Com Inês Pires D. João I teve mais dois filhos naturais: Afonso, que se tornou no 1º duque de Bragança ao casar-se com a filha de D. Nuno Álvares Pereira, Beatriz Pereira de Alvim, e Beatriz.


D. João I era filho ilegítimo de D. Pedro I e da dama galega Teresa Lourenço. Em 1364 foi proclamado Grão Mestre da Ordem de Avis. Daí a cerca de 20 anos dar-se-ia a crise sucessória de 1383-1385: com a morte do último rei da 1ª dinastia, D. Fernando, Portugal parecia em risco de perder a independência já que a sucessão do trono recaía sobre a sua única filha, D. Beatriz que casara com 11 anos de idade com o rei João I de Castela. De facto a sucessão da filha de D. Fernando e da rainha D. Leonor Teles de Meneses, cuja ligação ao nobre galego João Fernandes Andeiro se tornara pública e notória, acarretando sobre si e seus apoiantes, as antipatias e desconfiança de todos (nobres burguesia e povo) não colhia grandes simpatias. Ninguém, porém, se conformava com tal situação, pelo que concorreram ao trono português, contra D. Beatriz e seu estrangeiro marido, um outro D. João, filho de D. Pedro I e de Inês de Castro, supostamente casados, e o filho natural do mesmo D. Pedro I com Teresa Lourenço, Mestre de Avis, também ele D. João. Como já sabemos o desfecho da História, seguida a crise e pouco mais de um ano de guerra, em 6 de Abril de 1385 o Mestre de Avis é aclamado rei de Portugal, como D. João I, nas Cortes de Coimbra dessa data, onde o jurisconsulto português, João das Regras, desempenhou um papel primordial na defesa da aclamação do Mestre de Avis.
Daí o início da segunda dinastia com D. João I, Mestre de Avis, e donde, também, a designação da dinastia como de Avis.
Os traços característicos do seu perfil físico e moral devem-se, sobretudo, a Fernão Lopes, embora se deva também a seu filho Duarte, “no Leal Conselheiro, no sermão das exéquias ou no epitáfio do Mosteiro da Batalha” (referida obra, D. João I, do CL, pg 10)

Já quanto a D. Duarte, embora curto o seu reinado, nele deu seguimento à política expansionista dos descobrimentos, apoiado que era, por seu irmão, D. Henrique que, de Sagres, onde se estabeleceu com a sua escola de navegação marítima, dirigiu as descobertas. Assim, foi no seu reinado que Gil Eanes dobrou o Cabo Bojador. A passagem do Cabo Bojador tinha quase tanto de mítico e lendário, de maus presságios, como viria ter, mais tarde (1488), a dobragem do Cabo das Tormentas ou da Boa Esperança por Bartolomeu Dias, a passagem do Atlântico para o Índico.

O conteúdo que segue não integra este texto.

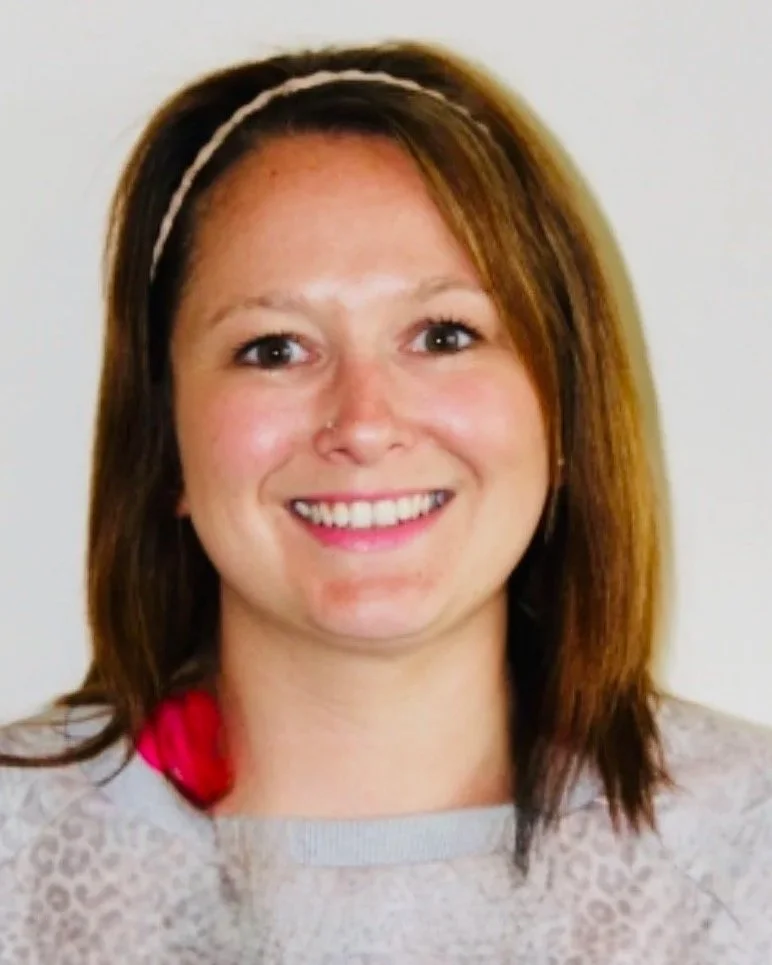 A woman with shoulder-length brown hair, wearing a pink headband and a light-colored patterned shirt, smiling at the camera.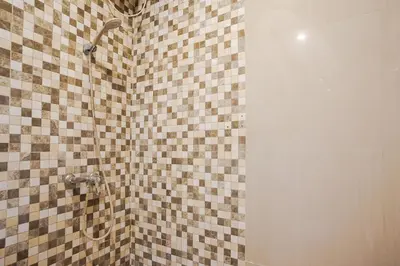 a bathroom with a shower with a tiled wall at Mahesa Suites Seminyak in Seminyak
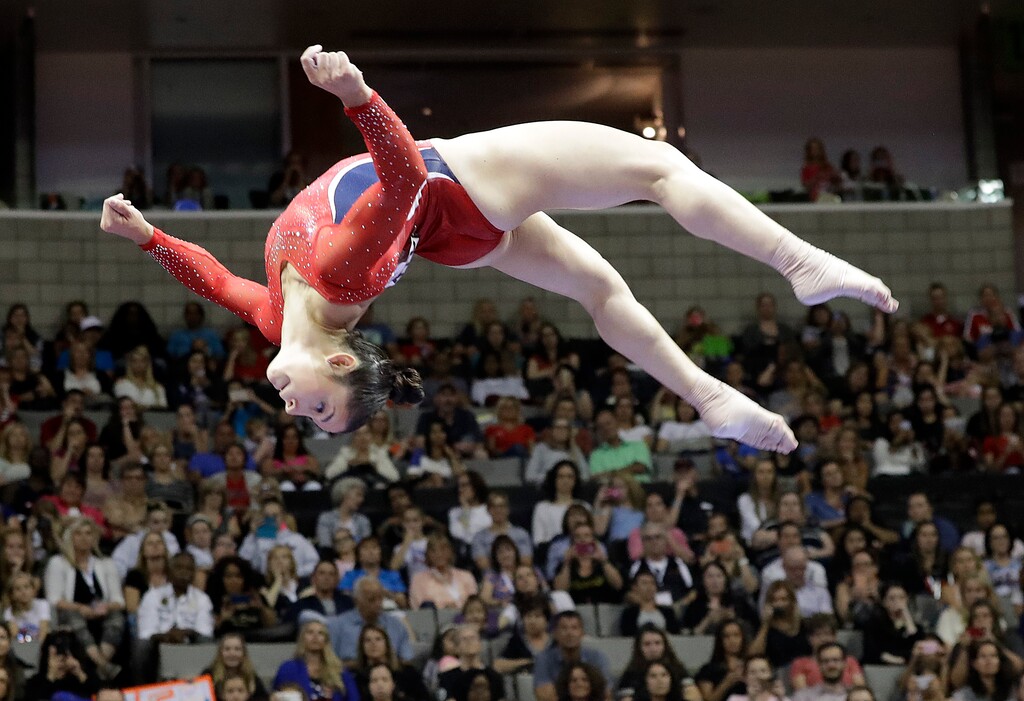 Aly Raisman competes on the balance beam during the women's U.S. Olympic gymnastics trials in San Jose, Calif., Friday, July 8, 2016. (AP Photo/Gregory Bull)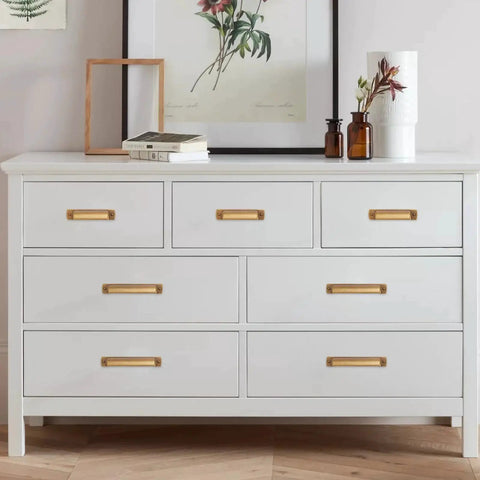 10 Pack 2.5 Inch Antique Brass Cabinet Handles And Cup Pulls Set installed on white dresser drawers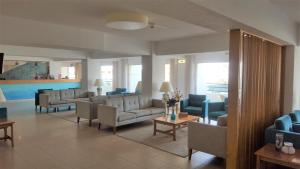a living room with couches and tables and chairs at Ourabay Hotel Apartamento - Art & Holidays in Albufeira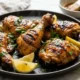 Piernas y muslos de pollo a la parrilla con piel dorada, limón y perejil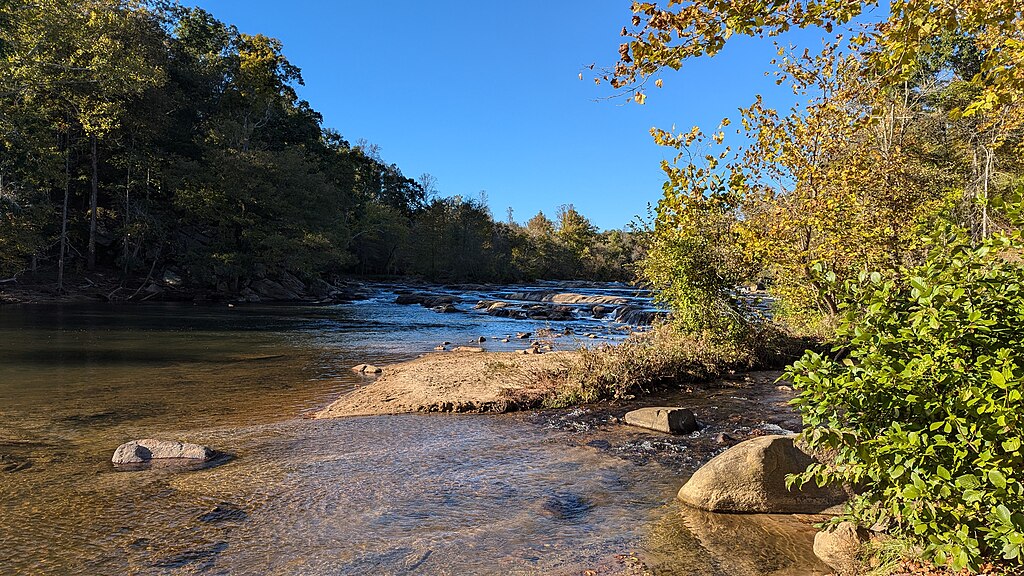 Calm river scene with clear blue sky, surrounded by lush green and autumn-colored trees. Rocky shoreline with gentle water flow creates a serene atmosphere.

Uma vez que o nome português Duarte é uma variante do Edward inglês, foi em homenagem ao seu bisavô, avô de sua mãe, o rei Eduardo III, que D. Duarte recebeu o seu nome. Aliás, numa pintura representando o rei, na sala dos Capelos da Universidade de Coimbra, o seu nome, aí, é referido por Eduardus I, rex.

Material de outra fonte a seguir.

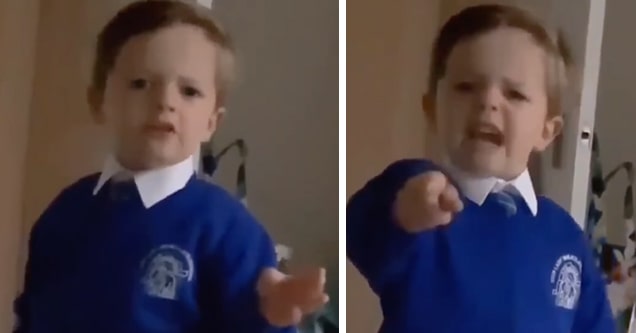 Kid in school uniform getting mad at santa on camera.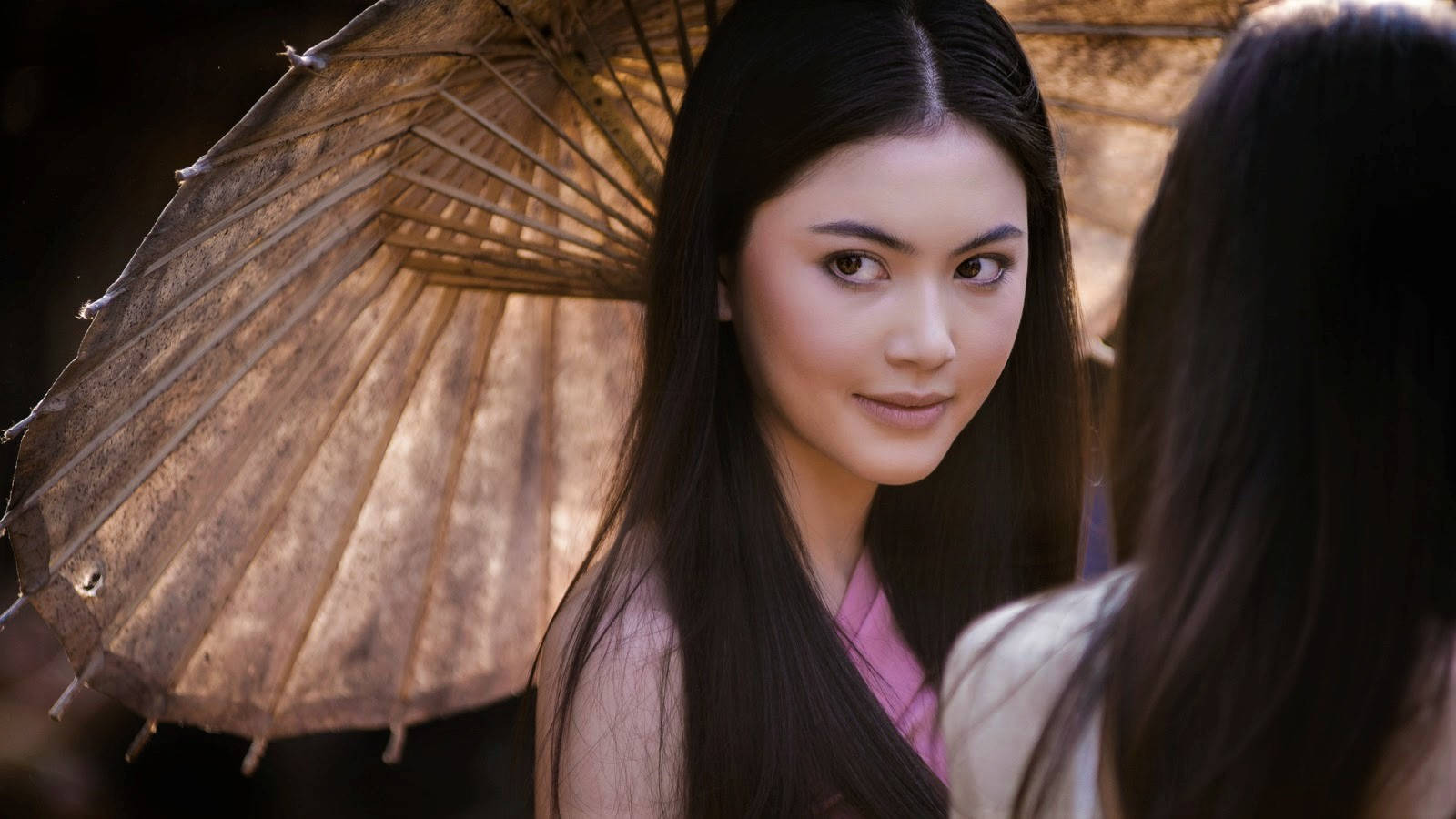手持傳統傘的女性在溫暖光線中凝視另一個人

D. Duarte foi mesmo preparado para reinar, pois que desde muito jovem acompanhou o pai nos negócios do reino. Desde 1412 (tinha 21 anos) que assim sucedia, tendo mesmo, D. Duarte, participado na conquista de Ceuta (1415), quando foi armado cavaleiro. Nos preparativos da conquista não participou, pois que estava ocupado com outros afazeres. Mas da operação, sim, participou.
D. Duarte era, porém, menos centralizador que o pai, e como se preocupava em gerar consensos, durante os cinco anos que reinou, cinco vezes convocou Cortes para pôr à discussão assuntos de Estado: Santarém, 1433 e 1434, Évora, 1435 e 1436 e Leiria, 1438.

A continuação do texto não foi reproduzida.